Locsin studied at the University of Santo Tomas in Manila between 1947 and 1953. The prevailing trend in Filipino architectural practice at the time was to emulate the Modernist architecture of the West, an attitude which stemmed from the impression that such buildings represented order, progress and sophistication. More traditional architecture, especially indigenous design, was popularly seen as unsophisticated. Although Locsin worked in the Modernist style, he was noted as being one of the only contemporary designers to capture a “distinct Philippine look” in his designs.
Shortly after Locsin’s graduation from the UST, he was commissioned by Frederic Ossorio to design a school chapel for the Victorias Milling Corporation. Once the design was underway, however, Ossorio was called away to the United States, and the project ultimately fell through. In 1954, Locsin met Father John Delaney, who was seeking an architect to design a chapel for the University of the Philippines campus at Diliman. With permission from Ossorio, Locsin adapted his previous design for the university.
Delaney’s primary directive for the project was that the chapel should reflect the spirit of the youths who would worship there. Noting that the students tended to sing the Mass in unison, Locsin drafted a circular plan that dissolved the traditional boundary between the congregation and choir. This egalitarian sensibility was further enforced by the placement of the altar at the center of the chapel; a symbolic gesture that, while in line with Delaney’s wishes, was found ill-suited to traditionally linear Catholic rites. There was no single, defined entry point, with several entrances distributed evenly around the perimeter of the chapel. The space was sheltered by a concrete dome, supported by reinforced columns and a ring beam; the apparent lightness of this structure earned the Parish its nickname, “the flying saucer.”
The decentralized, open nature of the Parish of the Holy Sacrifice forced Locsin to use vertical dimensions and light to define independent spaces. The low ceiling forming the rim of the chapel promotes movement from the exterior to the interior of the space, humbling visitors as they enter into a place of worship. The transition from the glaring tropical daylight of the Philippines to a shaded concrete passage further emphasizes the sense of movement toward a different, sacred, environment. Once one passes through the peripheral ring, the ceiling rises toward the apex of the dome, which is brightly lit by clerestory windows at the dome’s base – a gesture that simultaneously unifies the worship space and differentiates it from the surrounding passage, all without the use of boundary walls.
Locsin’s chapel initially appears to eschew Filipino tradition entirely, favoring the contemporary design sensibilities of the Western nations that had, until just nine years earlier, been a controlling architectural vocabulary in the Philippines for centuries.

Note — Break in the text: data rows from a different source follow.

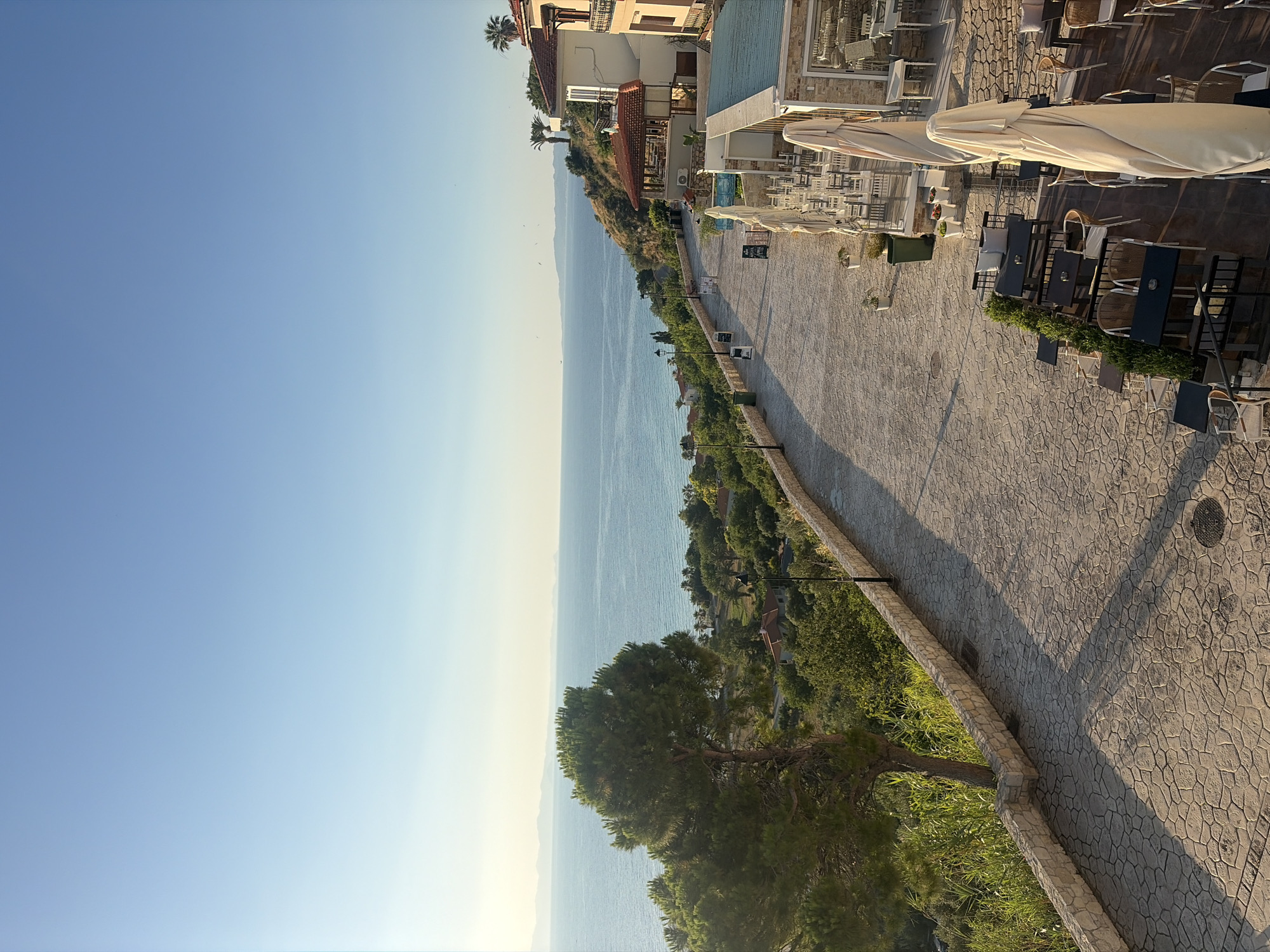 The image depicts a scene in Kassandra Municipal Unit, Greece, looking out over the Aegean Sea. A stone-paved walkway lines the edge of a cliff, with lush green foliage and trees descending towards the sea. The walkway is bordered by a low stone wall on one side.
Along the right side of the walkway, several outdoor seating areas for cafes or restaurants are visible. These areas feature tables and chairs, some covered by large, light-colored umbrellas. Buildings, typical of a Mediterranean coastal town, are situated behind these seating areas, characterized by terracotta roofs and light-colored facades.
The sea is a prominent feature, stretching to the horizon under a clear, pale blue sky. Distant landmasses are faintly visible on the horizon. The sun appears to be low in the sky, casting long shadows across the walkway and creating a warm, golden light.
No people are clearly visible in the immediate foreground or midground of the image. The overall impression is one of a tranquil morning or late afternoon view in a coastal resort town.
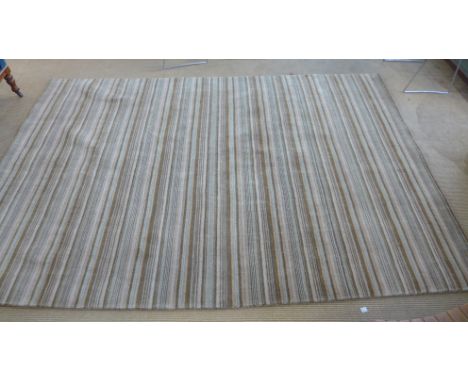 A fawn ground handmade contemporary wool carpet - 300cm x 200cm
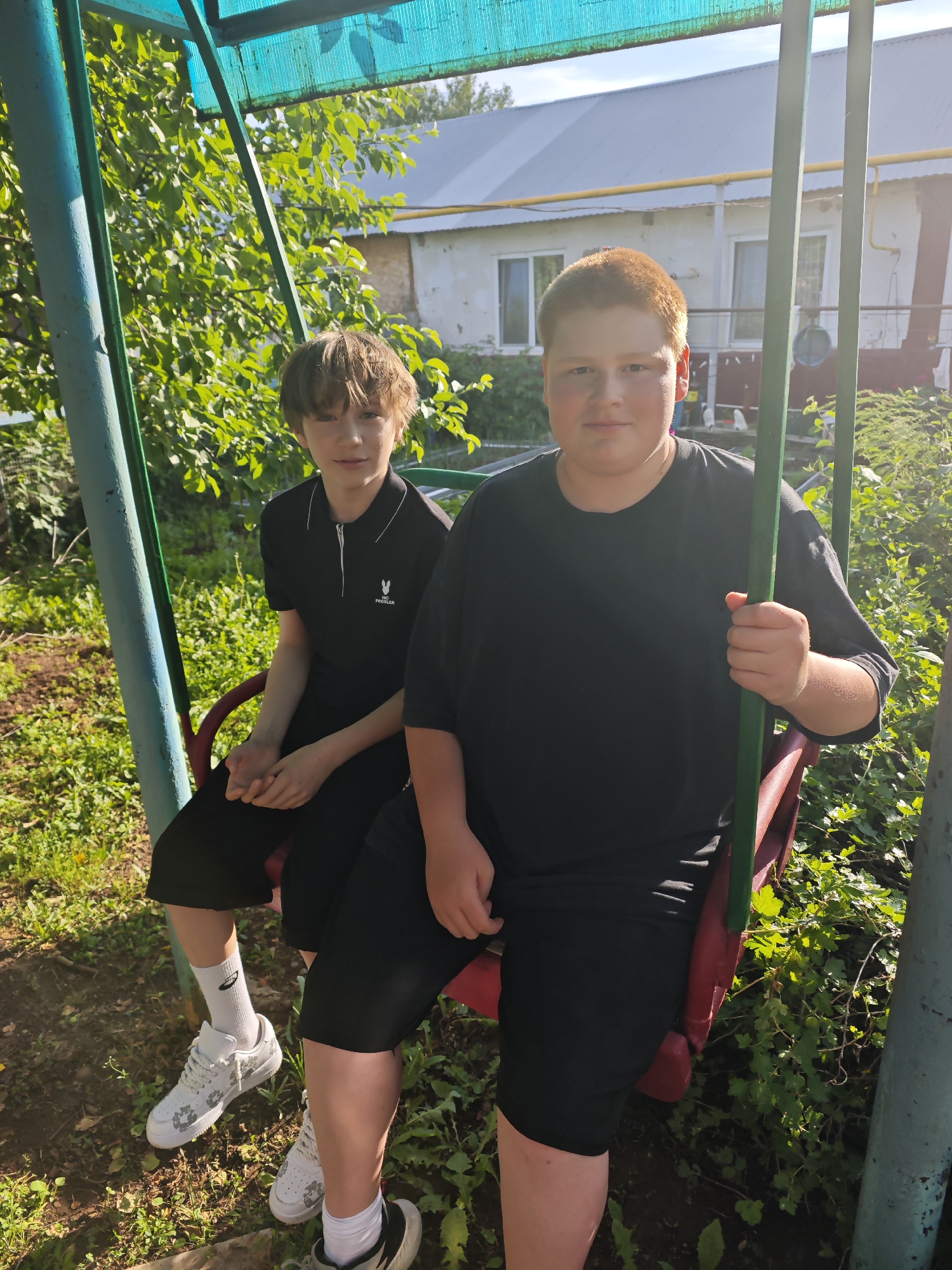Two young males, one with light brown hair and the other with reddish-blonde hair, are seated on a red swing. The male with light brown hair is on the left, wearing a black polo shirt and black shorts, with white sneakers. The male with reddish-blonde hair is on the right, wearing a black t-shirt and black shorts, with white sneakers. They are under a turquoise canopy, which is supported by green metal poles. Behind them, a light-colored building with a grey roof is visible. The area around the swing is overgrown with green vegetation and dry dirt. The sun is shining, casting light and shadows. This scene appears to be in the backyard of a residential property. Based on the provided context of the city of Фоки, Russia, this is likely a rural or suburban residential setting within that location.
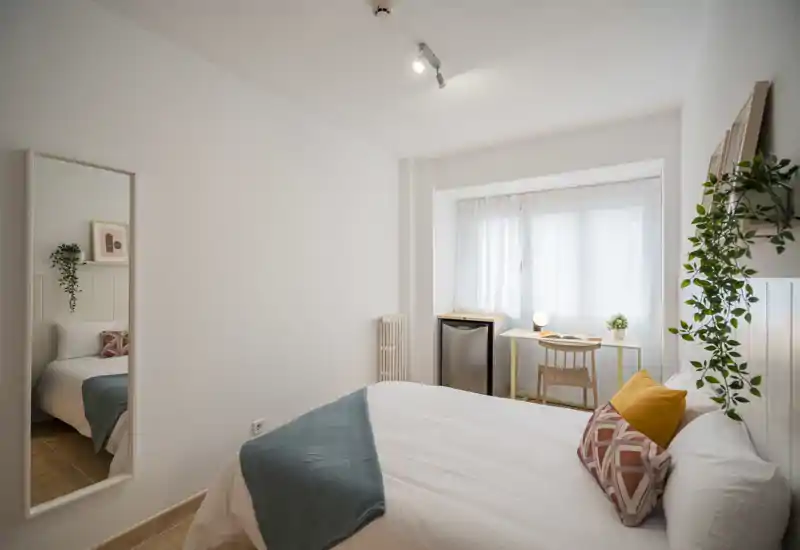 Bright, well-styled bedroom with a comfortable double bed, decorative cushions and a small desk by the window. Natural light and clean minimalist decor create a calm, welcoming atmosphere.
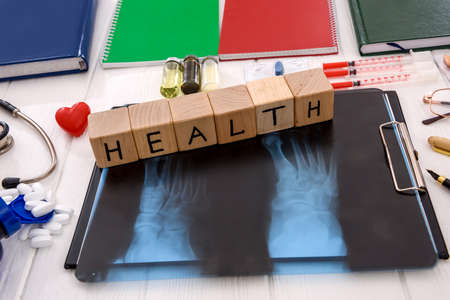 X-ray with pills and notepads on table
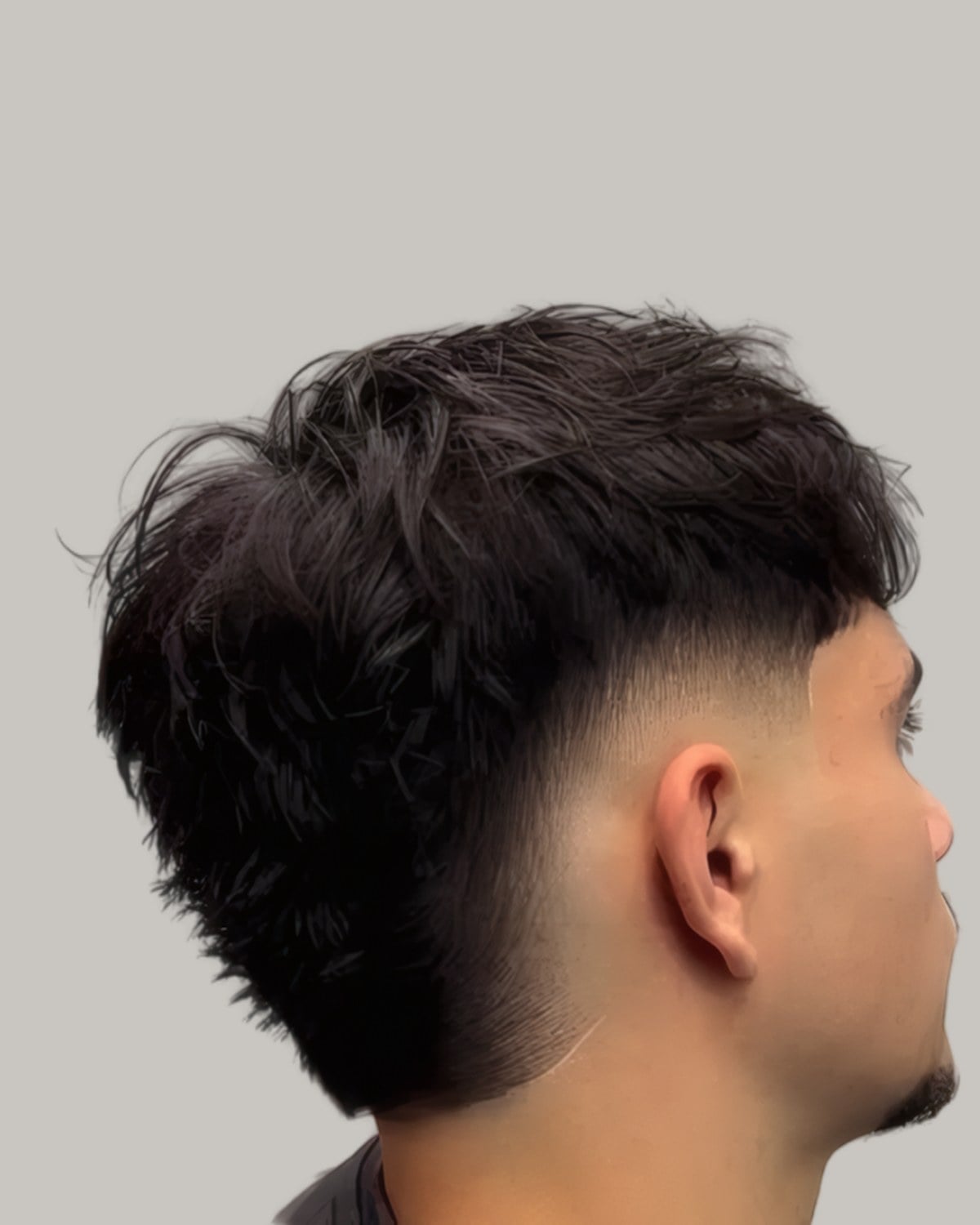 Man with a dark textured top and a low taper fade, seen from behind at an angle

The concrete shell dome was, at the time, a new development in Asia – a form without precedent in regional architectural tradition. However, while colonial churches in the Philippines were noted for massive, bottom-heavy walls to withstand frequent earthquakes, the Parish of the Holy Sacrifice’s shell is characterized by visible lightness; at its summit, the dome is only ten centimeters thick. This suspended lightness hints not at Spanish or American influences, but at a traditional Filipino forebear: the bahay kubo (“cube house”).
The bahay kubo, the traditional indigenous home built in the Philippines, comprises a single-room house built of bamboo with a steep thatched roof, set atop stilts. The elevation and permeable walls keep the bahay kubo ventilated, cool, and dry – highly desirable qualities in the tropics. The elevation of the house gives it the appearance of suspension in midair, a quality Locsin mimicked for the Parish of the Holy Sacrifice’s dome.
The Parish of the Holy Sacrifice was formally inaugurated on December 20, 1955, with a midnight candlelight procession. Almost immediately, the chapel became a popular center for the faithful in Metro Manila, a status it retains to this day. It is also an enduring symbol of what Locsin himself referred to as a “hybrid culture;” while many Filipino architects continue to emulate the aesthetics of contemporary American architecture, Locsin’s “flying saucer” remains one of the few prominent examples of distinctly Filipino Modernist design.[13,14]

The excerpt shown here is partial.